Parce qu’il traduit une contestation radicale de son autorité
ou de sa légitimité, le rire désarme l’adversaire au lieu
de lui donner l’excuse attendue pour réprimer. C’est
incontestablement un défi qui lui est lancé, mais sur un terrain
qui le paralyse. En dissipant les peurs et en désamorçant la
haine, il affaiblit les forces de l’ordre, introduisant chez elles
le doute, la discorde, l’humanité et parfois l’empathie. Pas
facile de frapper ou d’arrêter quelqu’un qui vous fait rire,
qui ne vous craint ni ne vous méprise, mais qui semble au
contraire vous respecter puisqu’il vous invite à rire avec lui,
de lui parfois, comme dans le « clown activisme » dont il sera
question plus loin. Ce rire-là, qui n’est pas l’ironie blessante,
le mépris ou la condescendance mais plutôt l’ouverture à
l’autre, l’appel à l’intelligence et au bon sens, à l’humanité
dans l’autre, est aussi un appel à la réconciliation par-delà
les rôles sociaux et les intérêts antagoniques. En provoquant
le rire de l’adversaire, l’action réduit la tension dramatique
inhérente au conflit, fait tomber les masques sociaux, qui
enferment dans des rôles si éloignés de notre humanité
profonde et redonne ainsi une chance au dialogue.

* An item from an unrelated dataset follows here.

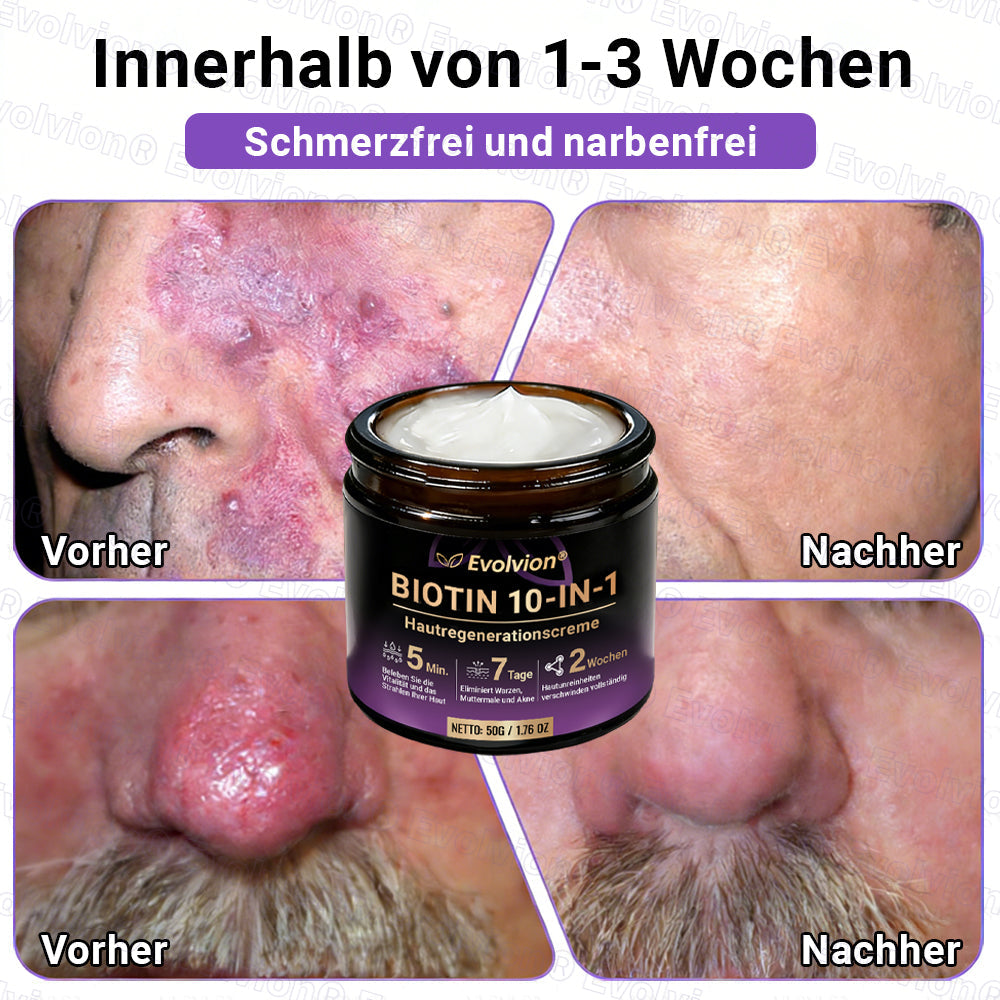 Hergestellt und versendet aus Deutschland ✨ Evolvion® Biotin 10-in-1 Hautrestaurationscreme 🔥🔥🔥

Lorsque celui qu’on a devant soi n’est pas l’adversaire
mais simplement un de ses exécutants, cet effet de
« dédramatisation » instaure la confusion et lève les
obstacles : le rire diminue la capacité de réaction et surtout
de gestion d’individus qui ne prennent même pas au sérieux
les règles élémentaires de la conflictualité, qui se moquent
de tout à commencer par eux-mêmes. Concrètement, cela
peut permettre à des activistes de franchir pacifiquement
un barrage de vigiles ou de policiers, d’accéder aux locaux
qu’ils souhaitent occuper, etc.
Introduire du rire dans l’action, c’est d’abord, on l’a dit,
prendre du plaisir à agir. Ce plaisir est contagieux ! Il est
donc susceptible d’attirer à notre cause toujours plus de
nouveaux militants, de les convaincre de rejoindre la lutte
alors que le sérieux des actions militantes traditionnelles
les en tenait jusque-là à distance. Le rire est donc aussi un
moyen de se renforcer sans cesse face à un adversaire luimême
exposé à des rires de plus en plus nombreux et qui
entament la cohérence de ses positions. C’est l’une des
vertus de l’humour de contestation : il érode jour après jour
la légitimité et donc la cohésion de l’adversaire, accroissant
les contradictions et les oppositions en son sein. C’est sans
doute pourquoi on parle dans ce cas d’humour corrosif.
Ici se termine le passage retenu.